▶ _Task statement_: Copy exactly, please, each line of the data below until the line that contains "kitchen featuring pendant" has been copied, beginning at the top.

-*-

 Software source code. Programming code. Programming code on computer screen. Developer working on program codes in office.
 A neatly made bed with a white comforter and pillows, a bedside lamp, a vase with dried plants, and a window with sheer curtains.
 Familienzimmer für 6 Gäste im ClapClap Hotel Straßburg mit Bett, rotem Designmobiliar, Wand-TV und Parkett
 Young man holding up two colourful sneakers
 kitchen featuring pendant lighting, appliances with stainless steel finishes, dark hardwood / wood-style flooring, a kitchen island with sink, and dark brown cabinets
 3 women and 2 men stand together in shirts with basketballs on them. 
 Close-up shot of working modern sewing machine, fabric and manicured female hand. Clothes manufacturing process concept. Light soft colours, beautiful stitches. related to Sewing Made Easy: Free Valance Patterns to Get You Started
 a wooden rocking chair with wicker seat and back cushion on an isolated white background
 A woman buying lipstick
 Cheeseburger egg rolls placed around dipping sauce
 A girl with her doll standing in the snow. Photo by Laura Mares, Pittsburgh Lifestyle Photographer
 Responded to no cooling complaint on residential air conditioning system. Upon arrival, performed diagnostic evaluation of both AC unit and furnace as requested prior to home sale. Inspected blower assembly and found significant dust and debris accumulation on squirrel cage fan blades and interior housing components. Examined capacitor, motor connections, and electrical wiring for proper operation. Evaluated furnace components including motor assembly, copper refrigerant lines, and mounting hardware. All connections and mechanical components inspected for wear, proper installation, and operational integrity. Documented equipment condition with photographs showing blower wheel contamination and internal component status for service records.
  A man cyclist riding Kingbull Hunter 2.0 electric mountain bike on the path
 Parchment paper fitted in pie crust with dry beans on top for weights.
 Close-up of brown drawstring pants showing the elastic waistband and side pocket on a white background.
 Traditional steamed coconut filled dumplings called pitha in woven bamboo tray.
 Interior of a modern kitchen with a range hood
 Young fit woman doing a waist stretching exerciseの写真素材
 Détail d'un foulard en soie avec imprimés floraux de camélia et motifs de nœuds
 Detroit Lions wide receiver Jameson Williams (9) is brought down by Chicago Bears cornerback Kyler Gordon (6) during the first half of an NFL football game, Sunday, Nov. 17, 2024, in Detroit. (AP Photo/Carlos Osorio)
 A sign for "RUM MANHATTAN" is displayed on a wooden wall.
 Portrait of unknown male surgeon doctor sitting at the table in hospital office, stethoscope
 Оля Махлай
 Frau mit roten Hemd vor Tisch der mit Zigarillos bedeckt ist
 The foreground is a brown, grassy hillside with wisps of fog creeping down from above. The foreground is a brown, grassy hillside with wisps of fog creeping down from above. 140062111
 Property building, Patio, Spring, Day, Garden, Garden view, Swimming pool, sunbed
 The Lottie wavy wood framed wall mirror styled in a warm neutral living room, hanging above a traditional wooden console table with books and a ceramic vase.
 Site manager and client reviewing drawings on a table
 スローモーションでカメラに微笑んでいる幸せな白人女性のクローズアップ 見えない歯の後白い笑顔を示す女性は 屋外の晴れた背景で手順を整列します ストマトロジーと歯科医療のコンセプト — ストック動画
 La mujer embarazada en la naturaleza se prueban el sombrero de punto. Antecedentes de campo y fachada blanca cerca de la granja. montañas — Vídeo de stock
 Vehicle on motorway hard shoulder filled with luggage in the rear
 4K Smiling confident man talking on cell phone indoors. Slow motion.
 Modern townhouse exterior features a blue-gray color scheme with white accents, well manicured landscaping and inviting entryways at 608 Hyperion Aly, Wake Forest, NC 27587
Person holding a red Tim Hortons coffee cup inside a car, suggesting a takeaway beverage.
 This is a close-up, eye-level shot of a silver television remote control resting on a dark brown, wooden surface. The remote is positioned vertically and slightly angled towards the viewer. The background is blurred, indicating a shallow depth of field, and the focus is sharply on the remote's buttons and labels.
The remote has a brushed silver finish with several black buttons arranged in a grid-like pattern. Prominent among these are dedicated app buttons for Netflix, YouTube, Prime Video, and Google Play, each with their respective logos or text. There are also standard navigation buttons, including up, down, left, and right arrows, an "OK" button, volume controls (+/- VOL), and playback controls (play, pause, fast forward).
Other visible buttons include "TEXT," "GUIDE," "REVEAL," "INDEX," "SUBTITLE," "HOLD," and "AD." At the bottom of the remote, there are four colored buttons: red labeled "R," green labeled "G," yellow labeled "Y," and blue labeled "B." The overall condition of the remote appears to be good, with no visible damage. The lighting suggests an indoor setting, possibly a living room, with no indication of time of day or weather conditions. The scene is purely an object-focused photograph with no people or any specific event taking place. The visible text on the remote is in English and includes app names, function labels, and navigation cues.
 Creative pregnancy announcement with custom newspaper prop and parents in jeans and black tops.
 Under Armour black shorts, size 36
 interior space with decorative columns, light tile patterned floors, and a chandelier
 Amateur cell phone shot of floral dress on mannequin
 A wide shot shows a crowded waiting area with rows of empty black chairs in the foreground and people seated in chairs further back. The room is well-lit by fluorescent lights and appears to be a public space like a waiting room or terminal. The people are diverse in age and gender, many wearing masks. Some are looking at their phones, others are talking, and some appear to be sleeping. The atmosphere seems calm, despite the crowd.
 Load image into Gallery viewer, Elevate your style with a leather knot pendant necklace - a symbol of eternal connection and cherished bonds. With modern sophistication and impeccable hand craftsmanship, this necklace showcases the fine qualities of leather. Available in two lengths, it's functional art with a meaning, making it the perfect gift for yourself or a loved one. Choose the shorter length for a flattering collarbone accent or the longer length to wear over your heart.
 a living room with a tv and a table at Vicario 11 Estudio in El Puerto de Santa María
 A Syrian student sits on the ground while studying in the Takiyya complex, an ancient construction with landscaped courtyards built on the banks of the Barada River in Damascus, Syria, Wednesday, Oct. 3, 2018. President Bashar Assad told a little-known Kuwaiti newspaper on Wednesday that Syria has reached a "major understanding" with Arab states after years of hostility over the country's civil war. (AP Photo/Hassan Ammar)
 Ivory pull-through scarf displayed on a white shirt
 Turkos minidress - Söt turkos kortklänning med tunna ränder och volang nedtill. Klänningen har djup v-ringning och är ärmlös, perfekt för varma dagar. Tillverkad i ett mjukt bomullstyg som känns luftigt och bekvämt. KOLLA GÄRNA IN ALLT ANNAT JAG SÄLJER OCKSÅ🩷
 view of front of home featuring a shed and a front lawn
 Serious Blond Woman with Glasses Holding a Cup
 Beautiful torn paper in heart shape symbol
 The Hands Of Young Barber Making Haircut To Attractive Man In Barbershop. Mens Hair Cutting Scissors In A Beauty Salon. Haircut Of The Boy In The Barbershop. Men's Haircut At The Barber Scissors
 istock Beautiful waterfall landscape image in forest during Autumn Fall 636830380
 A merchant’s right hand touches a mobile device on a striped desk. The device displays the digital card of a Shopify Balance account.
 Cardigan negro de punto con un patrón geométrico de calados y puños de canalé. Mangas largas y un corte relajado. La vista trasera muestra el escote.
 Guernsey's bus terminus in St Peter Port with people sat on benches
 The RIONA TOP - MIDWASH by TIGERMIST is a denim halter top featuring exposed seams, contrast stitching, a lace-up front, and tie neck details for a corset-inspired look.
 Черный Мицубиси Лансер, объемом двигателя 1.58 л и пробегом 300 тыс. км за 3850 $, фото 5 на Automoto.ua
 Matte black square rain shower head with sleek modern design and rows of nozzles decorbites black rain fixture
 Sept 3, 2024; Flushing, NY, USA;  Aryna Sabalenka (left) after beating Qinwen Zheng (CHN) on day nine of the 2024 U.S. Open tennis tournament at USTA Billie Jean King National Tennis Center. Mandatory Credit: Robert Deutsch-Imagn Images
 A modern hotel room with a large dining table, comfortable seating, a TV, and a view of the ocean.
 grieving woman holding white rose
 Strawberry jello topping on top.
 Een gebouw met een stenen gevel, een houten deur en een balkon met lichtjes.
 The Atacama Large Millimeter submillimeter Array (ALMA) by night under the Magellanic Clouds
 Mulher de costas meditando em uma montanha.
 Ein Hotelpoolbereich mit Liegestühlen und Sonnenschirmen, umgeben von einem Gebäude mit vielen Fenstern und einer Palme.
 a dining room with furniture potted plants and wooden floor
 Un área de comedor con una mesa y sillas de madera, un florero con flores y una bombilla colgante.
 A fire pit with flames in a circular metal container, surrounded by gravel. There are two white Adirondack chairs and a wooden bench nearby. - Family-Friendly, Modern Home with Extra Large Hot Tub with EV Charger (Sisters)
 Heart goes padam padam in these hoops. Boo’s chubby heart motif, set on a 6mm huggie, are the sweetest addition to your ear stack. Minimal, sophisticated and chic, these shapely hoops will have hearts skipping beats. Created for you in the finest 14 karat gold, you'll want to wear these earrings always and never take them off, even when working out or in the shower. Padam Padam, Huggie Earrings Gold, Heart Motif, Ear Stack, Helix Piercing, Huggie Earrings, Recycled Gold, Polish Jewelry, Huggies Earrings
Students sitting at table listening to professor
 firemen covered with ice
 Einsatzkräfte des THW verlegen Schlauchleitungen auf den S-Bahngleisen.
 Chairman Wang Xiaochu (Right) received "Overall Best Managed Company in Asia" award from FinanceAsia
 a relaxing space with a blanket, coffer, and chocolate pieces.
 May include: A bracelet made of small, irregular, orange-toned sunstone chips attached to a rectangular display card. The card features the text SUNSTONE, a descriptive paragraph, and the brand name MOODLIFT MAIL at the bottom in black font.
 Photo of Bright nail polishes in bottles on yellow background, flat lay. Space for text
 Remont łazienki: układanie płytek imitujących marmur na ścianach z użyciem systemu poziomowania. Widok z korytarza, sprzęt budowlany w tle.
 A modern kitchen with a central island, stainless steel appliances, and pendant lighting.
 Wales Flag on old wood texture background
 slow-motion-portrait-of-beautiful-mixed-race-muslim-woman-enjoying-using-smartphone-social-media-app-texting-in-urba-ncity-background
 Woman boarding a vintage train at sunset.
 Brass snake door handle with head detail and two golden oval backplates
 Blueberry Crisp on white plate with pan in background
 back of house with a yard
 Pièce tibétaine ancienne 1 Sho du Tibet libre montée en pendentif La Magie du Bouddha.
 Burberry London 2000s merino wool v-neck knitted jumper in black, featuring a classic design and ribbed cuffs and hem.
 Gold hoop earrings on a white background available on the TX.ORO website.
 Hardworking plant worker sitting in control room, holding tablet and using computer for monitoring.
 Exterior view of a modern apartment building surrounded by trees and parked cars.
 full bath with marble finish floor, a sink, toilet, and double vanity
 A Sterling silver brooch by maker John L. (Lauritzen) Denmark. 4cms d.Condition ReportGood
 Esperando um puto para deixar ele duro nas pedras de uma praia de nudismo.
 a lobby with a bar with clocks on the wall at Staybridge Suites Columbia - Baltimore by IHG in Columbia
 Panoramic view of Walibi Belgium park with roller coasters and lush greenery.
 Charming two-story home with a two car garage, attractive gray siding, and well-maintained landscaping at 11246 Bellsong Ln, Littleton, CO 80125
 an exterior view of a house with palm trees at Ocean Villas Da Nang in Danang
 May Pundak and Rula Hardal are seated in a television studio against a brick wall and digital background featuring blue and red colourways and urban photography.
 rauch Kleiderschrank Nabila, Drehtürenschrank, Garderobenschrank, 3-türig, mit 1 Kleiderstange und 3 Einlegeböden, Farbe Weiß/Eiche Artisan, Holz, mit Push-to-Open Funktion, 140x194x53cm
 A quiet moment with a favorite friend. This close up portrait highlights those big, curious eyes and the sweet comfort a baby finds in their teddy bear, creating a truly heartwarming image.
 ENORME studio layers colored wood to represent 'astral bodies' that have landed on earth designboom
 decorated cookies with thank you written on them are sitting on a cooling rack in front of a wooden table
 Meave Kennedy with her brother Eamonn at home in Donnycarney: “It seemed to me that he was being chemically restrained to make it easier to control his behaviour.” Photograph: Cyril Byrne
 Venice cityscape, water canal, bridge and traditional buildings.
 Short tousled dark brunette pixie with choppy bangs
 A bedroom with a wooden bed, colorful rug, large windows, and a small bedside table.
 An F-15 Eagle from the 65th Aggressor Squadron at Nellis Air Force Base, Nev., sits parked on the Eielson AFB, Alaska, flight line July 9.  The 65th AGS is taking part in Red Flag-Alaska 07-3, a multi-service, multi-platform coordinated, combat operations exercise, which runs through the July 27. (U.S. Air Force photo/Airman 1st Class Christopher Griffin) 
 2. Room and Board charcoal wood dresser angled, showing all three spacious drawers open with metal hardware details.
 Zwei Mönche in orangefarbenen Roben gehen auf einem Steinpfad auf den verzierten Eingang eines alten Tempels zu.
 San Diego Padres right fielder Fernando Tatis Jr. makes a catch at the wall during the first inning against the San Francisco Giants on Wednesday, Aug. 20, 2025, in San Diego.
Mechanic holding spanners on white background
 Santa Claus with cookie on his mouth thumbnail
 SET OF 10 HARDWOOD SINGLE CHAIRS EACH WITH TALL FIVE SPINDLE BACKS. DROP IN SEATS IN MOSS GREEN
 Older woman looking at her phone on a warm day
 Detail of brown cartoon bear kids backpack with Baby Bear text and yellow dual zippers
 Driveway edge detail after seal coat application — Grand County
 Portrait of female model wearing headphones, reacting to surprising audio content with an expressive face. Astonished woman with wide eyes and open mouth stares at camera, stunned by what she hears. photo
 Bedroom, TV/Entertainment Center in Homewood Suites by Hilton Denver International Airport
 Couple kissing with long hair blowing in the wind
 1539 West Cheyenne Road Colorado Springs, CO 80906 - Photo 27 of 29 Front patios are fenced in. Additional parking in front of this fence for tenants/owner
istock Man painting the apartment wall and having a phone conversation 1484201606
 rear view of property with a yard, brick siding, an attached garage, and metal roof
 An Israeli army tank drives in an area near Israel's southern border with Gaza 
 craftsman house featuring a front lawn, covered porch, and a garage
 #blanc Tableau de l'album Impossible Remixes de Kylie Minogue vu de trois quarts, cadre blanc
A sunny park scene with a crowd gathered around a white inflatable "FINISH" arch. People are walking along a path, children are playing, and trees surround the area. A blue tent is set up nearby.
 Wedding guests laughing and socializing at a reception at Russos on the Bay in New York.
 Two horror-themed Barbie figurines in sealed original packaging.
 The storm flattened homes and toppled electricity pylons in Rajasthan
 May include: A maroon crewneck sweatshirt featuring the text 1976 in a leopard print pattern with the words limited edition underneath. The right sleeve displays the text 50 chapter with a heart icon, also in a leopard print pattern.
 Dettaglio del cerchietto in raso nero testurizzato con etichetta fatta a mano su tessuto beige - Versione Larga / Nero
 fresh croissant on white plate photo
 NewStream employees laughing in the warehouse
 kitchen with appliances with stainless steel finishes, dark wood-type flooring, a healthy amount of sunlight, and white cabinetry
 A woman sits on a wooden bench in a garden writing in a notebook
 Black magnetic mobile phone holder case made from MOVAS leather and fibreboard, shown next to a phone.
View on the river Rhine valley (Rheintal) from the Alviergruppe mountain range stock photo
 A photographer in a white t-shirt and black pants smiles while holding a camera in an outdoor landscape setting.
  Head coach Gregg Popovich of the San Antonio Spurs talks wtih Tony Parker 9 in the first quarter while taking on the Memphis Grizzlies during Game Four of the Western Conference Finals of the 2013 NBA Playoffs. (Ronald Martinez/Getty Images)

-*-

▶ _Written response_:
 Software source code. Programming code. Programming code on computer screen. Developer working on program codes in office.
 A neatly made bed with a white comforter and pillows, a bedside lamp, a vase with dried plants, and a window with sheer curtains.
 Familienzimmer für 6 Gäste im ClapClap Hotel Straßburg mit Bett, rotem Designmobiliar, Wand-TV und Parkett
 Young man holding up two colourful sneakers
 kitchen featuring pendant lighting, appliances with stainless steel finishes, dark hardwood / wood-style flooring, a kitchen island with sink, and dark brown cabinets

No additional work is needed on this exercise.